Two years ago I wrote the below post out of desperate times. I was steping out in faith and writing for the first time. What a God to have answered in the way he has!!! I can hardly grasp how much
has changed and the place I am in now, in my heart, my ever-growing security, and in the eyes of my family and community. God's strong hands grasped me this whole time and I am stunned by all I have learned in the process! And now he is heading me in another
strange direction, with the second book, AND my new mission field in the form of a massive heritage building in my hometown. Only God - and only God lead.
July '13: The internet
made me lose all I had just written - but I refuse to stay without a record of my declaration.
It went something like this...
I refuse to let fear prevent me from living the fullest Spirit-filled life God would require of me to make His name known.
Though today I am trembling in fear. It is a crippling fear that has held me back too often in the past - and it is not even an enjoyable temptation. I do not remotely like it, yet its ugly lies
sting me and frustrating tentacles wrap around me stifling His ideal for me daily.
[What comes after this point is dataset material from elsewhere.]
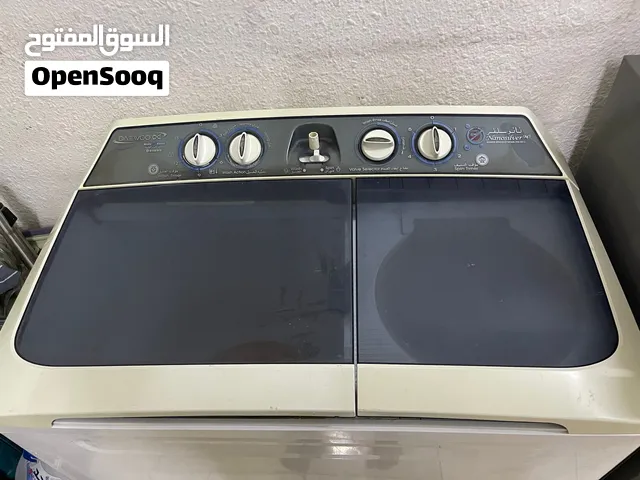 غساله للبيع مستخدم نظيفه الماركه نانو سلفر Daewoo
I don't want it anymore.
Today I declare that fear has no place in my life anymore. Now, and over the
next year, and five years, I will see MASSIVE changes by His power. God has enduring permission to cut and poke, test and tease me out of a reliance on anything but His name. Be the only God to me!
Give me Your courage - I will take it. With my hands emptied of fear I will reach out and grab Your courage and You will be my confidence to tell about You through my life.
the right to over-ride my will and make it Your own - to challenge me as You allow life to, in any big or small way to be sure I am becoming battle strong. I thank You with grateful words that You care enough to send these tests my way and then allow us to
use the same power of the Master Warrior (YOU) to meet them. What a God!!!
Right now, when I want to cry and give up in insecurity - for double guessing my right to advertise You, for
looking down at the water and seeing my own scared reflection instead of Your face - I determine inside to lean heavily on You. I will search for Your truths in Your Word, and swim amongst them until they are so heavily surrounding me that I am eventually
lifted up from the fearful sea and walking firmly on them towards You.
Keep Your purpose FIRMLY and CLEARLY in my heart. YOU ARE AN AWESOME AWESOME AWESOME AWESOME GOD!!!!!